SALOU CASAIS, LA PRINCESSE MALIENNE DEVENUE TOULOUSAINE EN 1410

Toulouse s’honore d’avoir donné le jour au premier Européen qui se soit enfoncé en Afrique et en soit revenu ! Ce jeune aventurier du nom d’Anselme d’Isalguier entame son voyage en 1402, à l’époque de Charles VI et de la guerre de Cent Ans. Il débarque sur la côte atlantique, au sud du Maroc, près du cap Juby. De là, il emprunte une route caravanière jusqu’à la boucle du Niger et atteint Gao. La ville est la capitale de l’empire songhai, l’un des plus prestigieux empires qu’ait connue l’Afrique noire.

Anselme rassemble des notes sur le royaume et se lie d’amitié avec l’entourage du souverain. Il ne reste pas insensible au charme d’une princesse, Salou Casaïs. Comme toute l’élite du royaume, celle-ci est de confession musulmane. Après quelques années, Anselme d’Isalguier reprend le chemin de Toulouse, avec sa femme, leur fille Marthe et six serviteurs dont un médecin du nom de Ben Ali.

La petite troupe arrive à Toulouse, via Marseille, en 1413. Salou Casaïs et ses compagnons se convertissent au christianisme. Marthe épouse un jeune seigneur dont elle aura un fils, Eustache de Faudoas, surnommé le «Maure». Salou donne le jour à deux autres filles qui entrent au couvent.
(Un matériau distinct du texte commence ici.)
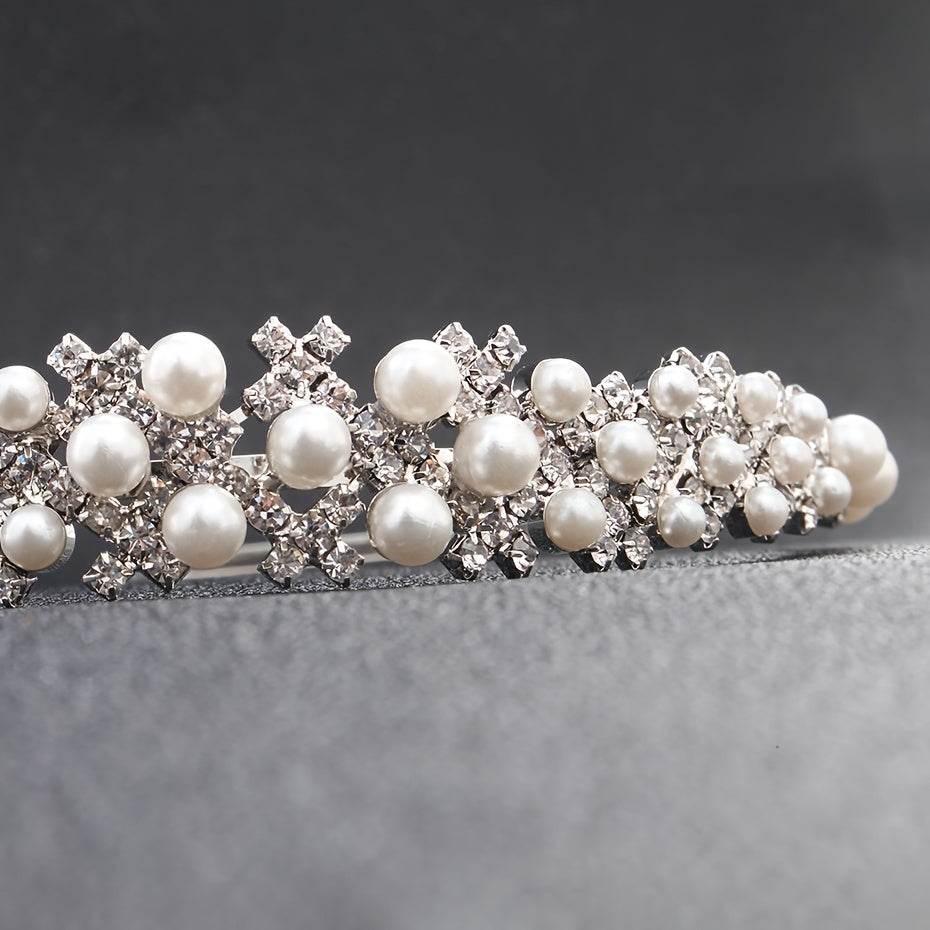 Faux Pearl and Rhinestone Hairband for Weddings Parties and Cosplay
Quant au médecin Ben Ali, il a l’occasion de démontrer ses talents en guérissant le Dauphin, le futur roi Charles VII, tombé malade lors d’une visite à Toulouse. Cela lui vaut une gratification de deux cents écus. Il mourra empoisonné.

Il faudra attendre trois siècles avant qu’un autre Européen, Mungo Park, ne revienne dans la région du Niger. En attendant, les récits de voyage d’Anselme d’Isalguier vont tomber dans l’oubli et feront seulement l’objet d’une notice dans une compilation du XVIIIe siècle, par le chanoine lyonnais Anthelme de Tricaud.